Problem details: Restate the whole listing word for word, missing no line.
***
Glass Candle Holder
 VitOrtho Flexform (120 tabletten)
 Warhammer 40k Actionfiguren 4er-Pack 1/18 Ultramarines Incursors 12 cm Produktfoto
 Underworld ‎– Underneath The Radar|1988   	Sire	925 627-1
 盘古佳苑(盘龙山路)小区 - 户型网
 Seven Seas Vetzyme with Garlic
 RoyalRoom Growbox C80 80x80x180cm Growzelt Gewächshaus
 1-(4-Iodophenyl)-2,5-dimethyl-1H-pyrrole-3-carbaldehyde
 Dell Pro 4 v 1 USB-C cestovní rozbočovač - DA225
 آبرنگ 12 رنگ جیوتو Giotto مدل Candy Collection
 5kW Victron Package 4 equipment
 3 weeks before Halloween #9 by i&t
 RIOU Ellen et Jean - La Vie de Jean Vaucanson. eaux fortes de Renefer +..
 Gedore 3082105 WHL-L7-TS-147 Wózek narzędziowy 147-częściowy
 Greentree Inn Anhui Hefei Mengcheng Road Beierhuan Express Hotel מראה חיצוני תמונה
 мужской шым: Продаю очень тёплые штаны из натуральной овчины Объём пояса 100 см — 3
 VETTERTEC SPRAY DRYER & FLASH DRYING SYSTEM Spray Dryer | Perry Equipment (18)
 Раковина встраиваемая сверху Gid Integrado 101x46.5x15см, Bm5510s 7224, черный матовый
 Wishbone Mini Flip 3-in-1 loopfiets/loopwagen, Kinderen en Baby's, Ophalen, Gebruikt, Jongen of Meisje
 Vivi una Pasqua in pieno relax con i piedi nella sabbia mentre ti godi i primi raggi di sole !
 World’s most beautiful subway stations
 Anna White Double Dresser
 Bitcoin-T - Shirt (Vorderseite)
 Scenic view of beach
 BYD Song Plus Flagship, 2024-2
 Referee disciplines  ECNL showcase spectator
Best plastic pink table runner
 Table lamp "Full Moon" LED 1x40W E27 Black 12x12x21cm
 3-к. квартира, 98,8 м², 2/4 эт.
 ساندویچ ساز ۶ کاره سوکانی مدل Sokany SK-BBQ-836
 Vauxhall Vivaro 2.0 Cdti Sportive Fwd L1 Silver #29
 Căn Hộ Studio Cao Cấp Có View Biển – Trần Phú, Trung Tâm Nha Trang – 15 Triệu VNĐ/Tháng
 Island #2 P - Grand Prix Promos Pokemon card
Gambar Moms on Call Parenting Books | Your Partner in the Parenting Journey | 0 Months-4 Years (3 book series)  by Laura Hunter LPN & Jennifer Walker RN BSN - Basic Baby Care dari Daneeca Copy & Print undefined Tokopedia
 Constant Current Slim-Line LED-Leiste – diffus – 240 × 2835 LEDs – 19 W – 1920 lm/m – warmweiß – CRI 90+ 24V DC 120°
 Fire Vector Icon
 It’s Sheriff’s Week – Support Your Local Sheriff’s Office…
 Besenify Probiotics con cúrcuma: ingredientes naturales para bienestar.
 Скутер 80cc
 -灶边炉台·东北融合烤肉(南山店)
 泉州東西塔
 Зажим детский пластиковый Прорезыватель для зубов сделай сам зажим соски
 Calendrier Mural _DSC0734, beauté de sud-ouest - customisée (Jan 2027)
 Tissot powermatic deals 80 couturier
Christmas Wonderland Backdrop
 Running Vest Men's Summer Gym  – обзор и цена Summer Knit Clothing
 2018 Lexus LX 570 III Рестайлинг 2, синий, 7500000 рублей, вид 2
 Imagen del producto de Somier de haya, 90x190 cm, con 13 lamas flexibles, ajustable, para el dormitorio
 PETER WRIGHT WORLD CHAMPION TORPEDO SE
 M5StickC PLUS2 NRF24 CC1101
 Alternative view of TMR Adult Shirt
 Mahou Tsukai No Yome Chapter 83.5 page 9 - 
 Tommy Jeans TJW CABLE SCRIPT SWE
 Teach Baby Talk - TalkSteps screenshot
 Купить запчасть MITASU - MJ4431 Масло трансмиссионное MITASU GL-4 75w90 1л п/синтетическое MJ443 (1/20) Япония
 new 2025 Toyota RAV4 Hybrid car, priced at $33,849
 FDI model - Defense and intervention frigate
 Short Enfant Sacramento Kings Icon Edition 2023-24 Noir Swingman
***
Result:
Glass Candle Holder
 VitOrtho Flexform (120 tabletten)
 Warhammer 40k Actionfiguren 4er-Pack 1/18 Ultramarines Incursors 12 cm Produktfoto
 Underworld ‎– Underneath The Radar|1988   	Sire	925 627-1
 盘古佳苑(盘龙山路)小区 - 户型网
 Seven Seas Vetzyme with Garlic
 RoyalRoom Growbox C80 80x80x180cm Growzelt Gewächshaus
 1-(4-Iodophenyl)-2,5-dimethyl-1H-pyrrole-3-carbaldehyde
 Dell Pro 4 v 1 USB-C cestovní rozbočovač - DA225
 آبرنگ 12 رنگ جیوتو Giotto مدل Candy Collection
 5kW Victron Package 4 equipment
 3 weeks before Halloween #9 by i&t
 RIOU Ellen et Jean - La Vie de Jean Vaucanson. eaux fortes de Renefer +..
 Gedore 3082105 WHL-L7-TS-147 Wózek narzędziowy 147-częściowy
 Greentree Inn Anhui Hefei Mengcheng Road Beierhuan Express Hotel מראה חיצוני תמונה
 мужской шым: Продаю очень тёплые штаны из натуральной овчины Объём пояса 100 см — 3
 VETTERTEC SPRAY DRYER & FLASH DRYING SYSTEM Spray Dryer | Perry Equipment (18)
 Раковина встраиваемая сверху Gid Integrado 101x46.5x15см, Bm5510s 7224, черный матовый
 Wishbone Mini Flip 3-in-1 loopfiets/loopwagen, Kinderen en Baby's, Ophalen, Gebruikt, Jongen of Meisje
 Vivi una Pasqua in pieno relax con i piedi nella sabbia mentre ti godi i primi raggi di sole !
 World’s most beautiful subway stations
 Anna White Double Dresser
 Bitcoin-T - Shirt (Vorderseite)
 Scenic view of beach
 BYD Song Plus Flagship, 2024-2
 Referee disciplines  ECNL showcase spectator
Best plastic pink table runner
 Table lamp "Full Moon" LED 1x40W E27 Black 12x12x21cm
 3-к. квартира, 98,8 м², 2/4 эт.
 ساندویچ ساز ۶ کاره سوکانی مدل Sokany SK-BBQ-836
 Vauxhall Vivaro 2.0 Cdti Sportive Fwd L1 Silver #29
 Căn Hộ Studio Cao Cấp Có View Biển – Trần Phú, Trung Tâm Nha Trang – 15 Triệu VNĐ/Tháng
 Island #2 P - Grand Prix Promos Pokemon card
Gambar Moms on Call Parenting Books | Your Partner in the Parenting Journey | 0 Months-4 Years (3 book series)  by Laura Hunter LPN & Jennifer Walker RN BSN - Basic Baby Care dari Daneeca Copy & Print undefined Tokopedia
 Constant Current Slim-Line LED-Leiste – diffus – 240 × 2835 LEDs – 19 W – 1920 lm/m – warmweiß – CRI 90+ 24V DC 120°
 Fire Vector Icon
 It’s Sheriff’s Week – Support Your Local Sheriff’s Office…
 Besenify Probiotics con cúrcuma: ingredientes naturales para bienestar.
 Скутер 80cc
 -灶边炉台·东北融合烤肉(南山店)
 泉州東西塔
 Зажим детский пластиковый Прорезыватель для зубов сделай сам зажим соски
 Calendrier Mural _DSC0734, beauté de sud-ouest - customisée (Jan 2027)
 Tissot powermatic deals 80 couturier
Christmas Wonderland Backdrop
 Running Vest Men's Summer Gym  – обзор и цена Summer Knit Clothing
 2018 Lexus LX 570 III Рестайлинг 2, синий, 7500000 рублей, вид 2
 Imagen del producto de Somier de haya, 90x190 cm, con 13 lamas flexibles, ajustable, para el dormitorio
 PETER WRIGHT WORLD CHAMPION TORPEDO SE
 M5StickC PLUS2 NRF24 CC1101
 Alternative view of TMR Adult Shirt
 Mahou Tsukai No Yome Chapter 83.5 page 9 - 
 Tommy Jeans TJW CABLE SCRIPT SWE
 Teach Baby Talk - TalkSteps screenshot
 Купить запчасть MITASU - MJ4431 Масло трансмиссионное MITASU GL-4 75w90 1л п/синтетическое MJ443 (1/20) Япония
 new 2025 Toyota RAV4 Hybrid car, priced at $33,849
 FDI model - Defense and intervention frigate
 Short Enfant Sacramento Kings Icon Edition 2023-24 Noir Swingman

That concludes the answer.